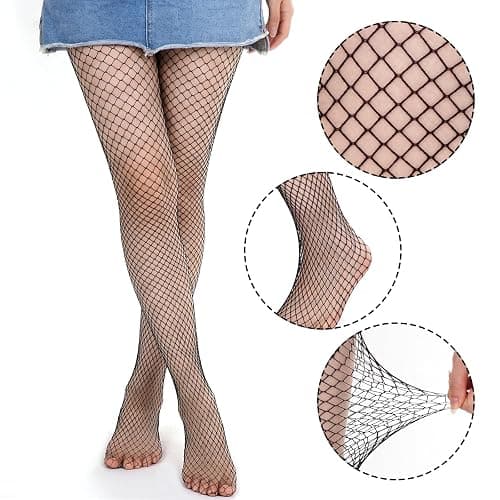 Pistha Girls Fishnet Stockings Kids High Waist Mesh Tights | Black Fishnet Stockings Girls Fishnet Tights for Daily Wear Dress Girls Costume Accessories thumbnail 2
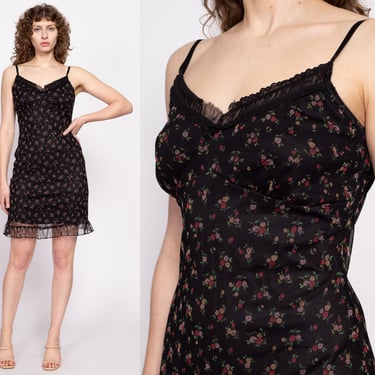 90s Black Floral Mini Babydoll Dress - Medium | Vintage Mesh Lace Trim Slip Dress 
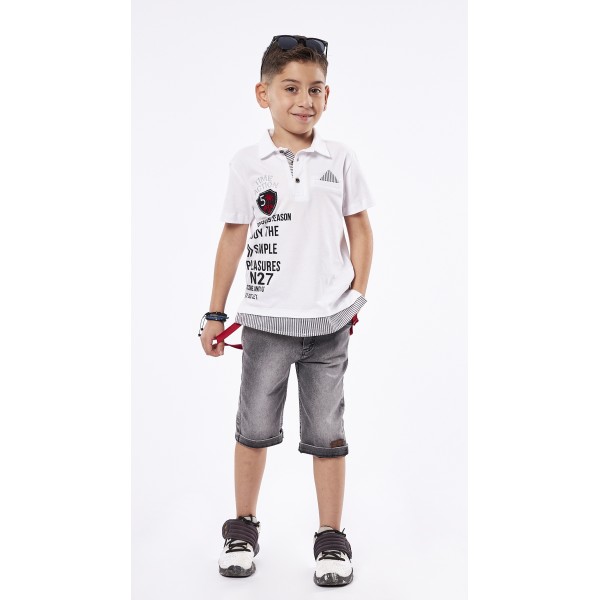 Hashtag Σετ Βερμούδα με μπλούζα Polo για Αγόρι 238828 Nο 1-6 Λευκό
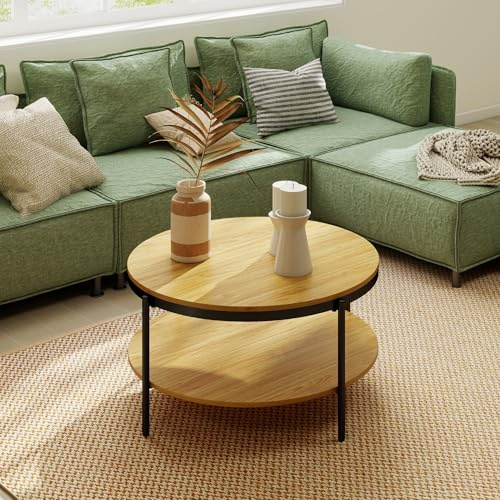 Manora Couchtisch Rund Holz, Runder wohnzimmertisch Klein 80 cm,Sofatisch mit stauraum 2 Ebenen, Eiche-Optik Metallfüße mit Stahlrahmen(Hell Eiche)
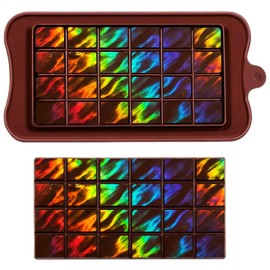 Ziliny Christmas Flame Candy Molds Holographic Chocolate Mold Silicone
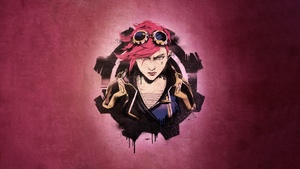 Vi (LoL), Graffiti, Red background, Arcane: League of Legends, 4K wallpaper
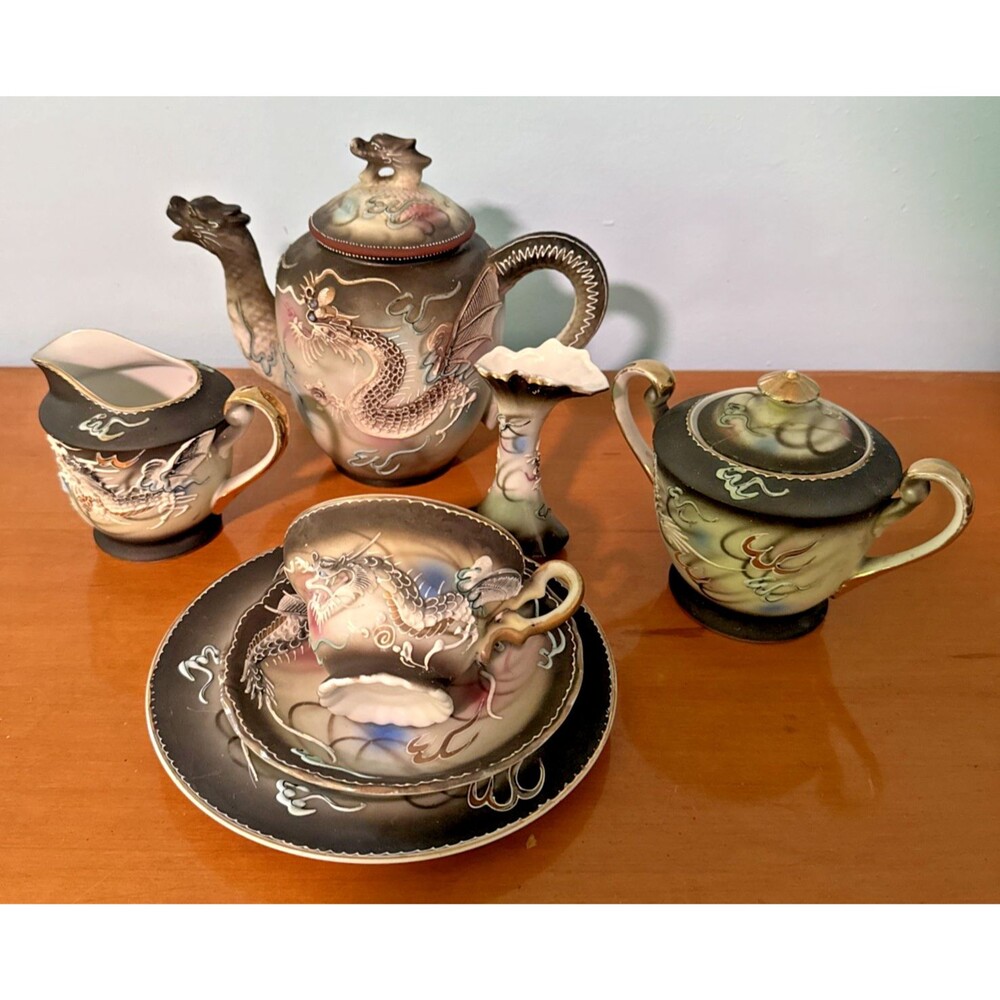 Betson's 1950s Dragonware Moriage Tea Set Japan Hand Painted - Gold Trim 3D VTG
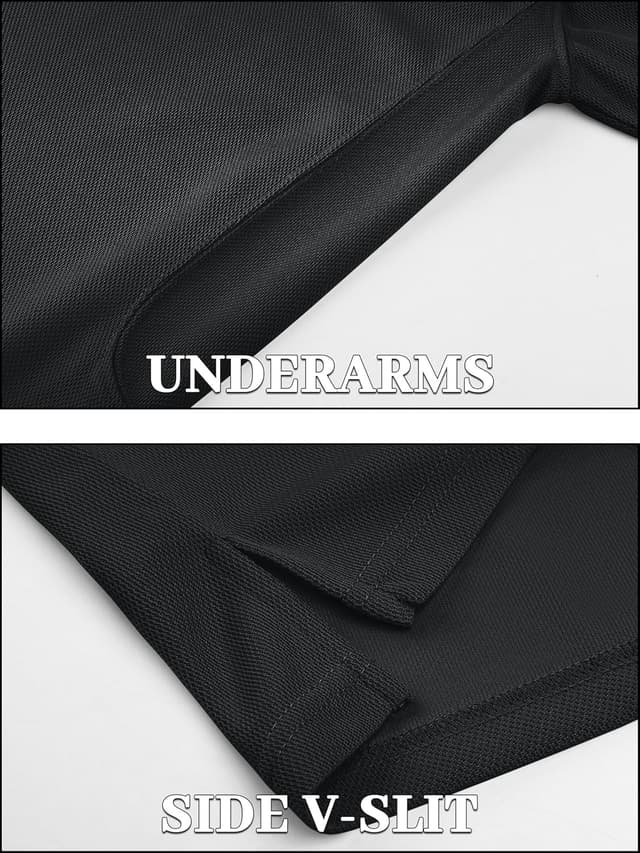 Detalle de TACVASEN Men’s Quick-Dry Short Sleeve Performance Polo (Pique Golf/Work Shirt)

□ □ □ □

ASSIGNMENT:
Begin at the line containing "Manora Couchtisch Rund" and stop at the last line of the data. Repeat only those lines, exactly, and leave out the pictures.

THE ANSWER:
 Manora Couchtisch Rund Holz, Runder wohnzimmertisch Klein 80 cm,Sofatisch mit stauraum 2 Ebenen, Eiche-Optik Metallfüße mit Stahlrahmen(Hell Eiche)
 Ziliny Christmas Flame Candy Molds Holographic Chocolate Mold Silicone
 Vi (LoL), Graffiti, Red background, Arcane: League of Legends, 4K wallpaper
 Betson's 1950s Dragonware Moriage Tea Set Japan Hand Painted - Gold Trim 3D VTG
 Detalle de TACVASEN Men’s Quick-Dry Short Sleeve Performance Polo (Pique Golf/Work Shirt)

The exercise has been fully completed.